**What you need to do**
Write the records out again exactly as they read, dropping any picture they hold.

**Given entries**
++++++++++++++++++++

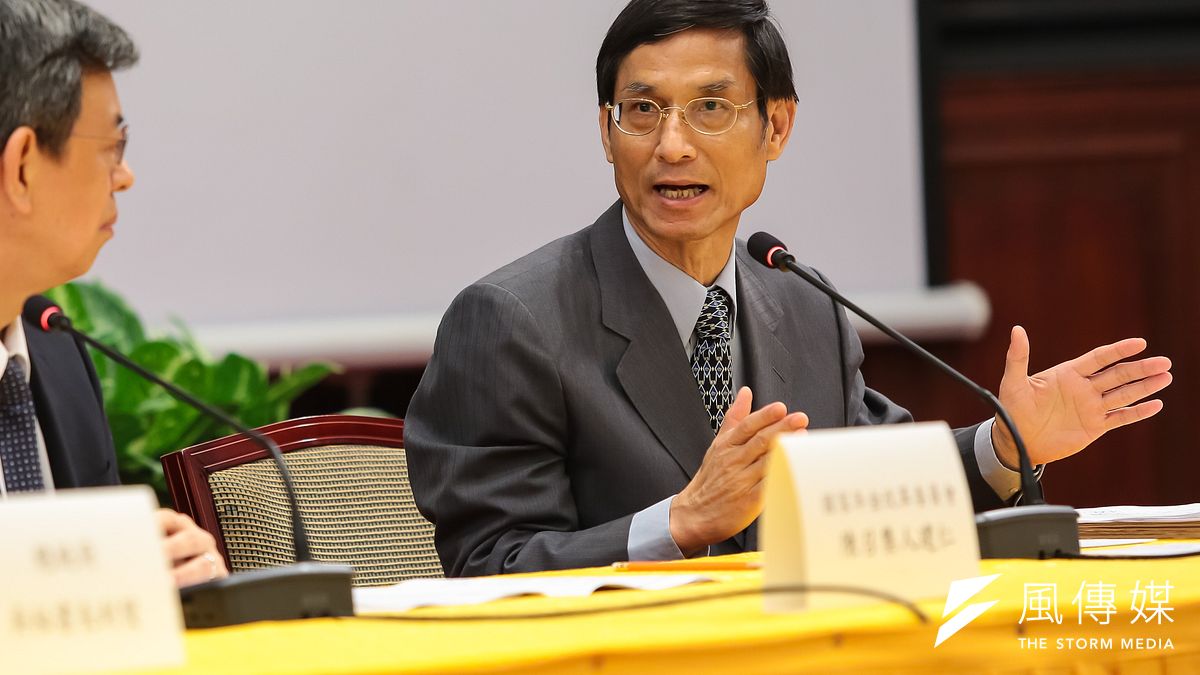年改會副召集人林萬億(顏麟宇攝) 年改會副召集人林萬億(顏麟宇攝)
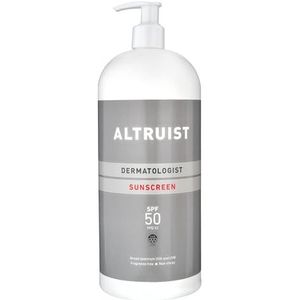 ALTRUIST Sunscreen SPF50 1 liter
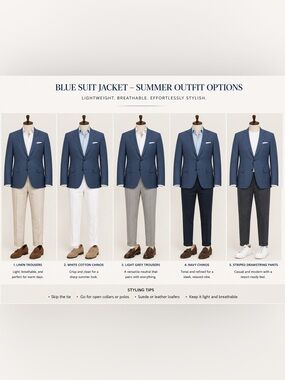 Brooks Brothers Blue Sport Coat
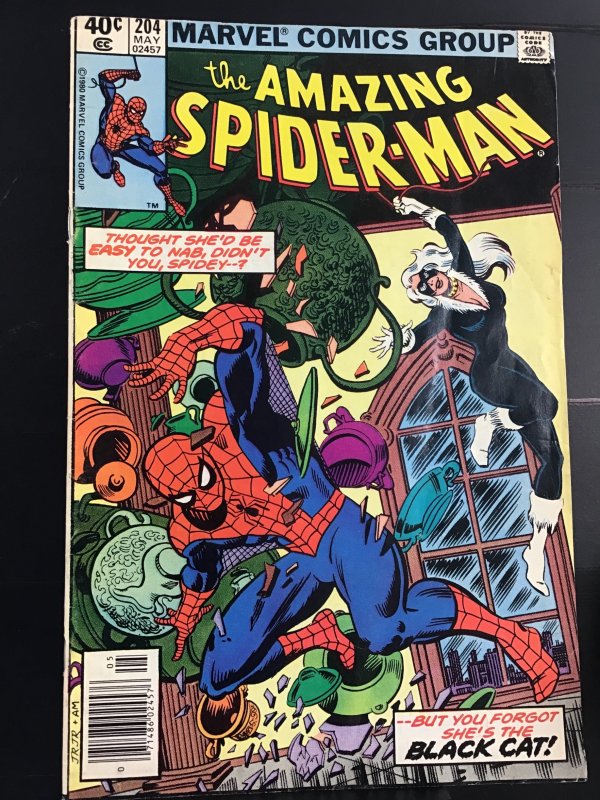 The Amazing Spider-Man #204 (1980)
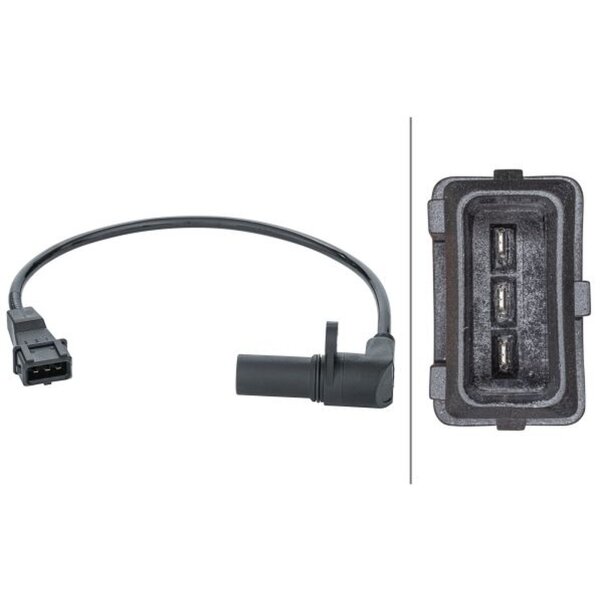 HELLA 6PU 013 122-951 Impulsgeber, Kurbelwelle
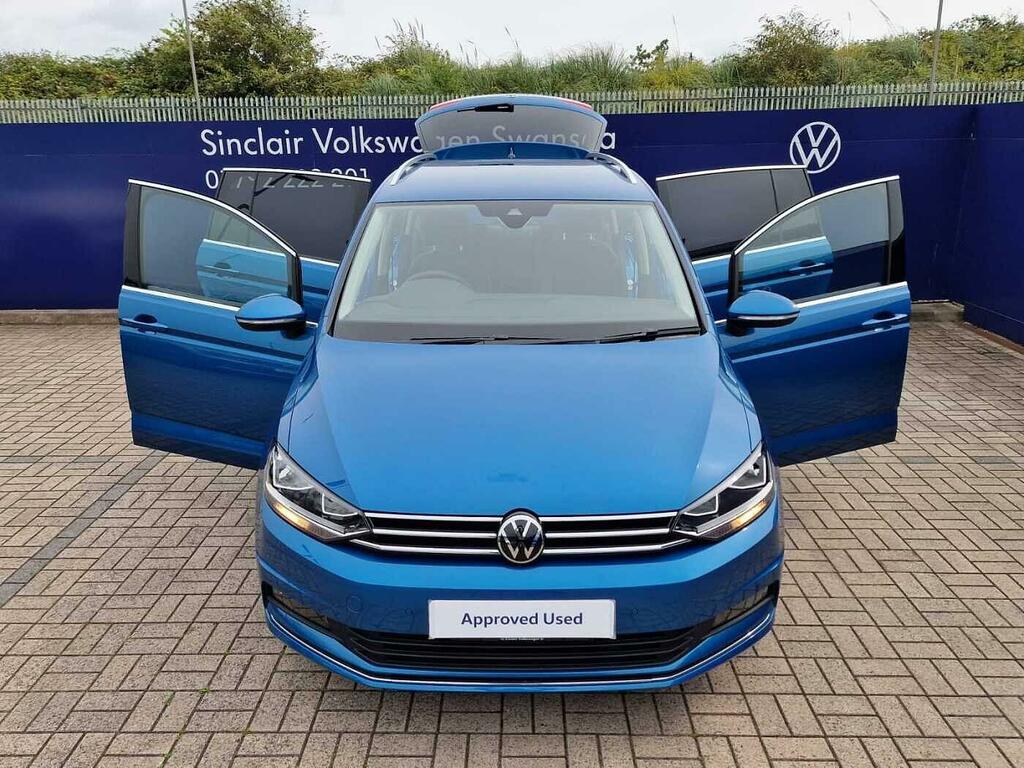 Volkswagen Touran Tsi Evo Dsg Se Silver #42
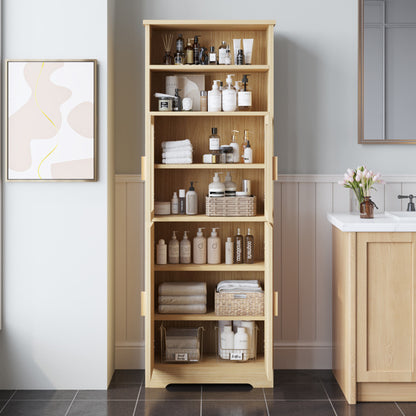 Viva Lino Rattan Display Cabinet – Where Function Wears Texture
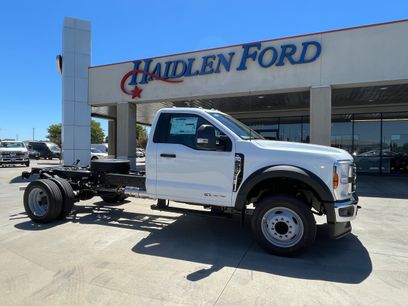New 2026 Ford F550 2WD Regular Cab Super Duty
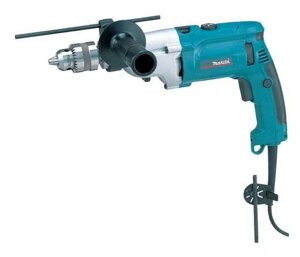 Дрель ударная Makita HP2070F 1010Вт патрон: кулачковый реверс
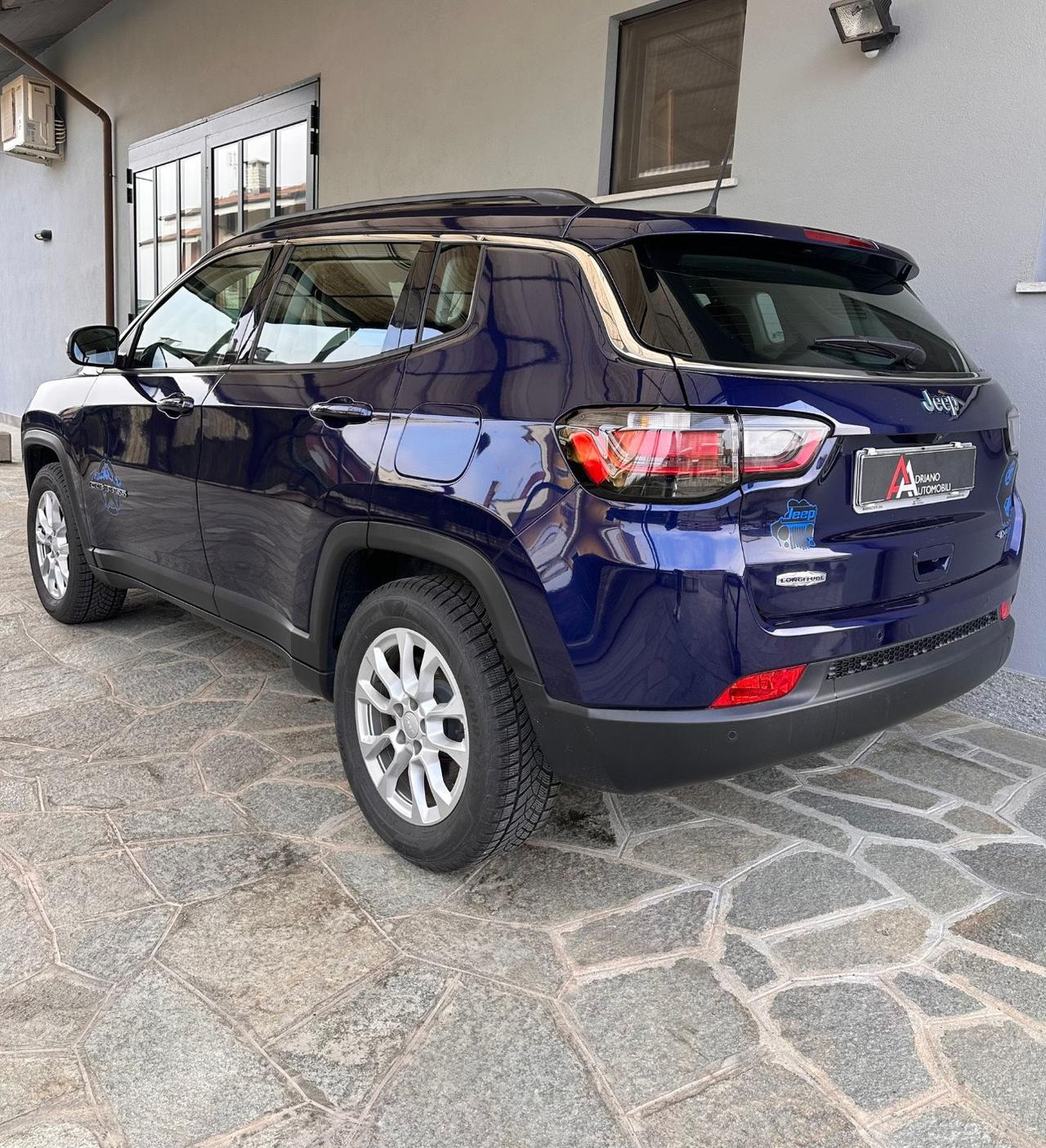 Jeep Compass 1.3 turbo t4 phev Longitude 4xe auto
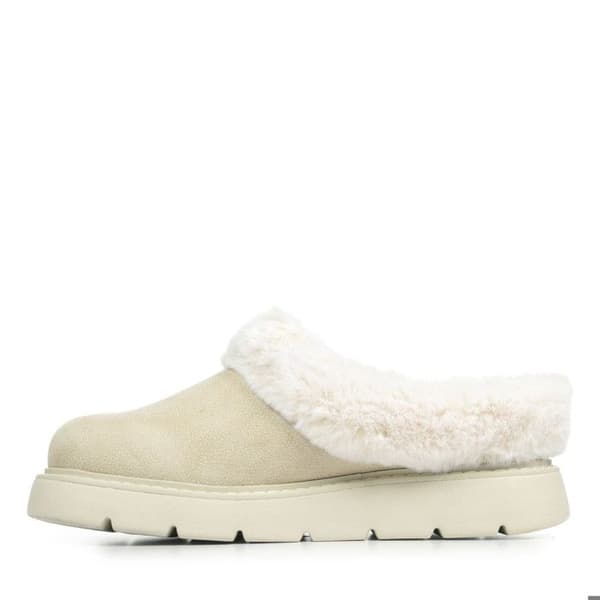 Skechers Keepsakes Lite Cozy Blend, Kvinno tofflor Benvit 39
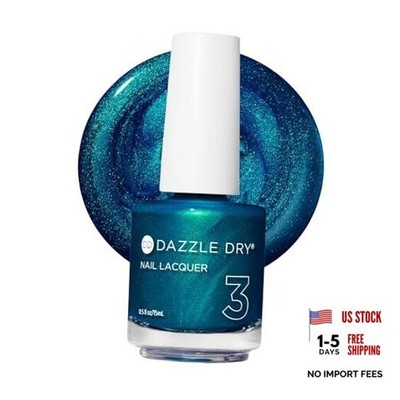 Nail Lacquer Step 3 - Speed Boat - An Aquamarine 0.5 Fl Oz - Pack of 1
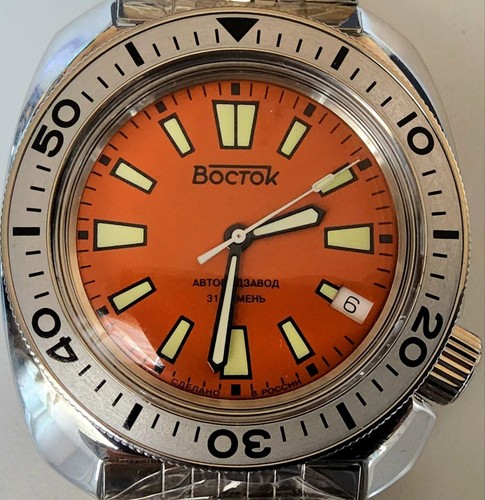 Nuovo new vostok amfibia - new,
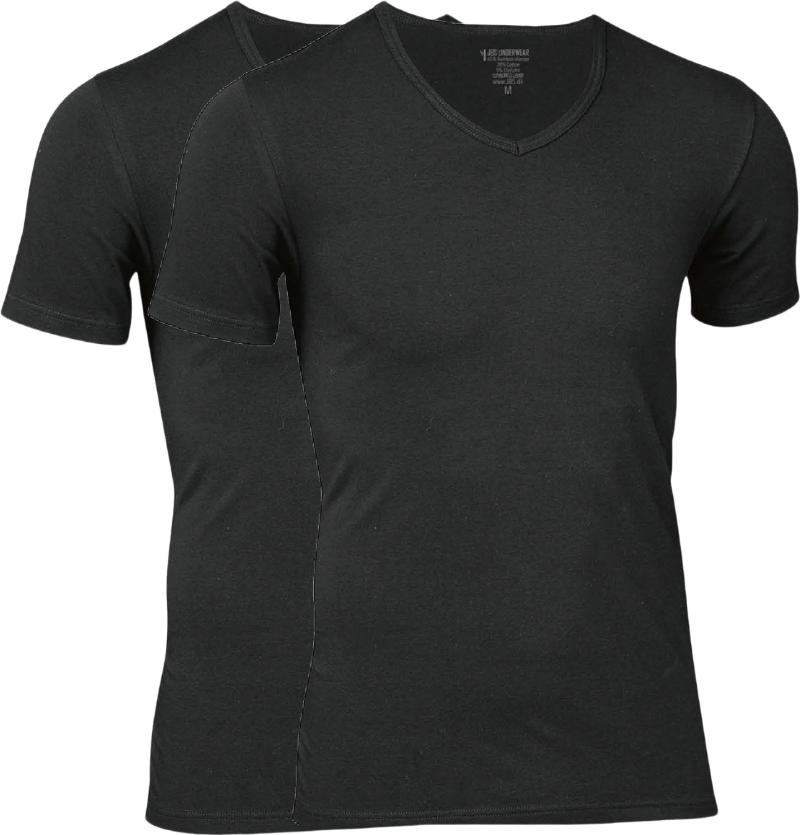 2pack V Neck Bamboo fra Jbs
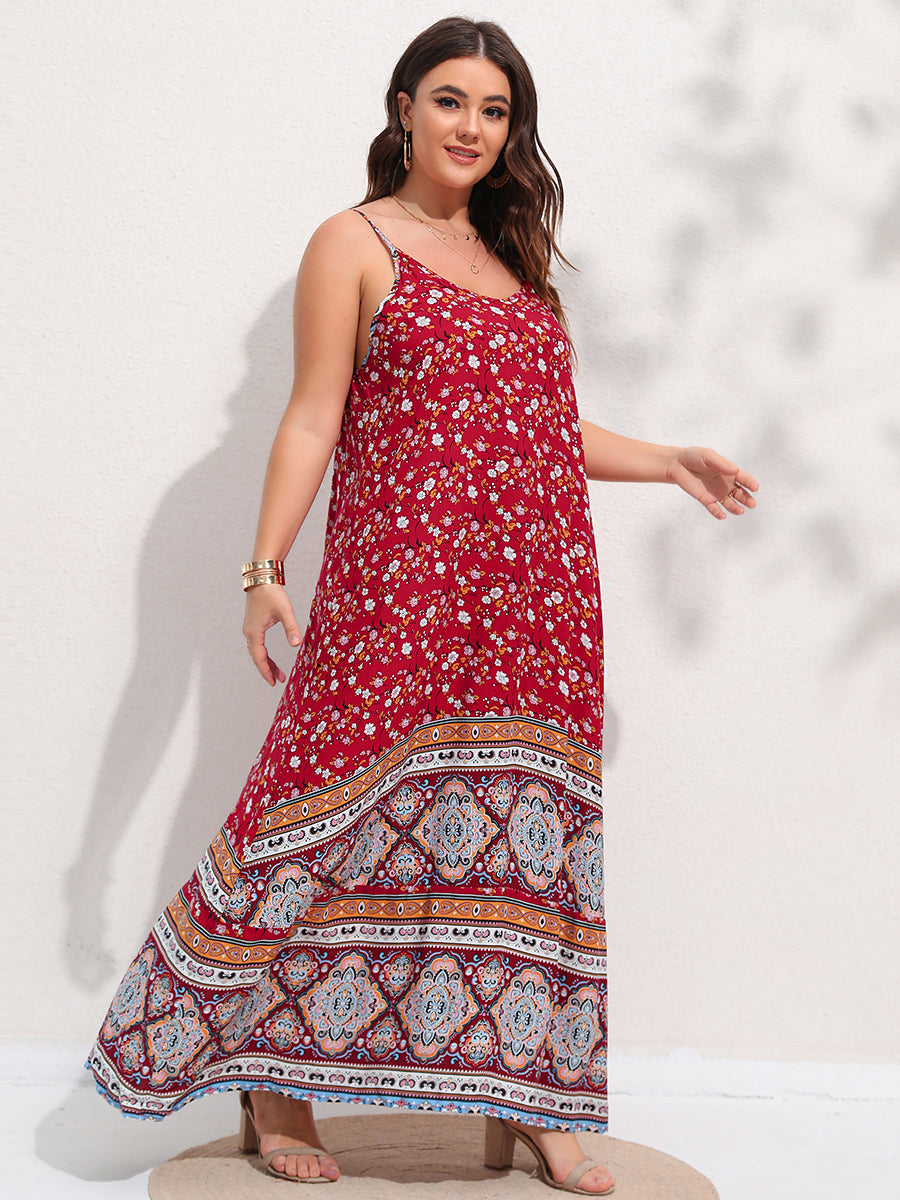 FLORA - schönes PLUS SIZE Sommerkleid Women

++++++++++++++++++++

**Response box**
年改會副召集人林萬億(顏麟宇攝) 年改會副召集人林萬億(顏麟宇攝)
 ALTRUIST Sunscreen SPF50 1 liter
 Brooks Brothers Blue Sport Coat
 The Amazing Spider-Man #204 (1980)
 HELLA 6PU 013 122-951 Impulsgeber, Kurbelwelle
 Volkswagen Touran Tsi Evo Dsg Se Silver #42
 Viva Lino Rattan Display Cabinet – Where Function Wears Texture
New 2026 Ford F550 2WD Regular Cab Super Duty
 Дрель ударная Makita HP2070F 1010Вт патрон: кулачковый реверс
 Jeep Compass 1.3 turbo t4 phev Longitude 4xe auto
 Skechers Keepsakes Lite Cozy Blend, Kvinno tofflor Benvit 39
 Nail Lacquer Step 3 - Speed Boat - An Aquamarine 0.5 Fl Oz - Pack of 1
 Nuovo new vostok amfibia - new,
 2pack V Neck Bamboo fra Jbs
 FLORA - schönes PLUS SIZE Sommerkleid Women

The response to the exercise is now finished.